Kubernetes Fundamentals
Last updated
Last updated
Kubernetes is a highly popular open-source container orchestration platform that can be used to automate deployment, scaling and the management of containerized workloads. In this chapter, we will discover the basic architecture of a Kubernetes cluster and its components. Kubernetes is often used as a cluster, meaning that it is spanned across multiple servers that work on different tasks and to distribute the load of a system.
From a high-level perspective, Kubernetes clusters consist of two different server node types that make up a cluster:
Control Plane Node(s) – These are the brains of the operation.

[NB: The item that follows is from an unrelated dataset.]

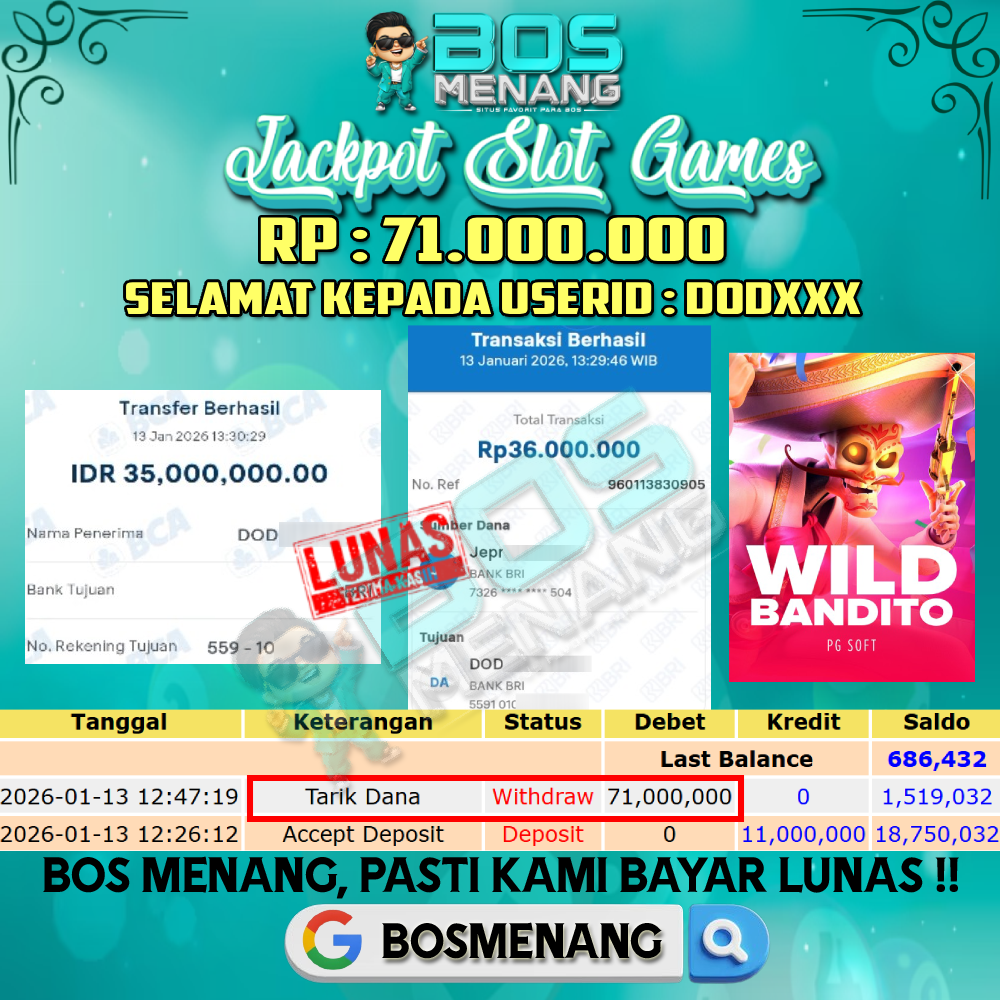 Tanggal 13 JANUARI 2026 - JACKPOT SLOT GAMES - WILD BANDITO (PG SOFT) Rp 71.000.000,-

Worker Nodes – The worker nodes are where applications run in your cluster.
containerd is a lightweight and performant implementation to run containers. Arguably the most popular container runtime right now. It is used by all major cloud providers for the Kubernetes As A Service products.
CRI-O was created by Red Hat and with a similar code base closely related to podman and buildah.
Docker was the standard for a long time, but never really made for container orchestration. The usage of Docker as the runtime for Kubernetes has been deprecated and removed in Kubernetes 1.24.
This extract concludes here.